··· Source data
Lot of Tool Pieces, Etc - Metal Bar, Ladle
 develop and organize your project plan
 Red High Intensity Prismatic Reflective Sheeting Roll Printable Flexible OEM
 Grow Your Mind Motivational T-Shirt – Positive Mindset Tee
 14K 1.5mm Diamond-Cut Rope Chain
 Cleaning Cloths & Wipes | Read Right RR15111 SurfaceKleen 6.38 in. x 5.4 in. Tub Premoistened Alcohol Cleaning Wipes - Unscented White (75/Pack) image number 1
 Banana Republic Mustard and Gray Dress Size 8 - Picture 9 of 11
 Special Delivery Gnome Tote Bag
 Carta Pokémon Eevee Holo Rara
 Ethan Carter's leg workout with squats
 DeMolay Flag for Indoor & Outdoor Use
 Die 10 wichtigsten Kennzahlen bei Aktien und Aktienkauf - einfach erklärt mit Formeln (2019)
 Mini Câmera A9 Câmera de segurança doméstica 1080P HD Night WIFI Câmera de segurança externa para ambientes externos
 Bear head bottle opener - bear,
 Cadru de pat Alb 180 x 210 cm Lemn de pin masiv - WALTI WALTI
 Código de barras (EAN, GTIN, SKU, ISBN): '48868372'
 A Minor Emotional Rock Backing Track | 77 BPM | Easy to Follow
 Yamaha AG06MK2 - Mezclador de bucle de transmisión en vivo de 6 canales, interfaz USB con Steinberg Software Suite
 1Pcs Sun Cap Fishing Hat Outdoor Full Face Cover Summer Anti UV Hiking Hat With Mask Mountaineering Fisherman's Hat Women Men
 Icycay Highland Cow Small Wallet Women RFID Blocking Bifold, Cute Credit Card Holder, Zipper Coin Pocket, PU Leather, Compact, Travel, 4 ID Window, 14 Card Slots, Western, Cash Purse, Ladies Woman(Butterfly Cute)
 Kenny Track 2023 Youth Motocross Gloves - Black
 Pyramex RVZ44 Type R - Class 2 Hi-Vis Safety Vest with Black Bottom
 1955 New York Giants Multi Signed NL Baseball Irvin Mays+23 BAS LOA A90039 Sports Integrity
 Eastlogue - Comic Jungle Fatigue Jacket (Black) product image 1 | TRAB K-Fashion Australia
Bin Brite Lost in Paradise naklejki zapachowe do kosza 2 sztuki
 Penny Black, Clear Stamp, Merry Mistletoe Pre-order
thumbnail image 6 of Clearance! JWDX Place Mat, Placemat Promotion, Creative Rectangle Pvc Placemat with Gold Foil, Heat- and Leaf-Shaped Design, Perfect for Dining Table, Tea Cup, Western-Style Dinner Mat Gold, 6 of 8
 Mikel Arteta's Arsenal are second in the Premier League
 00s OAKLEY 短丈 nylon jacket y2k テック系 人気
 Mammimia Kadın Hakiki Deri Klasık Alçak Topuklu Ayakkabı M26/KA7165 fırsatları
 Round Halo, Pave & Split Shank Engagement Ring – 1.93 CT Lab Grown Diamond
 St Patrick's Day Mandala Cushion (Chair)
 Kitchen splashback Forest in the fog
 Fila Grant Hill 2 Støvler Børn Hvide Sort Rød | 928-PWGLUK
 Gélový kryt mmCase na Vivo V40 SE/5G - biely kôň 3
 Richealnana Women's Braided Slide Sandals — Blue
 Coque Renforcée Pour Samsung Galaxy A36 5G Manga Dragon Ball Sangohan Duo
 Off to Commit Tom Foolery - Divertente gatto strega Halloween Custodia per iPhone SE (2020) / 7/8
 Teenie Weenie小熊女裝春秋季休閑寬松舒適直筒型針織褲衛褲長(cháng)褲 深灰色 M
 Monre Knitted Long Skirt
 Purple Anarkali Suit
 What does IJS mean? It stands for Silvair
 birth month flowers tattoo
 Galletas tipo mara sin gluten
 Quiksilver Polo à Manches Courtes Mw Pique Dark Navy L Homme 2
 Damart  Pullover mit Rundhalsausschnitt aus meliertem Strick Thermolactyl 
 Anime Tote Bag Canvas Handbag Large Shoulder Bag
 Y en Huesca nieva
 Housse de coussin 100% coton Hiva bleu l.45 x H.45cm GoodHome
······
▶ _Activity_:
Copy exactly. Include the line containing "Y en Huesca nieva" and every later line through the end of the listing, and nothing else.

▶ _The answer_:
 Y en Huesca nieva
 Housse de coussin 100% coton Hiva bleu l.45 x H.45cm GoodHome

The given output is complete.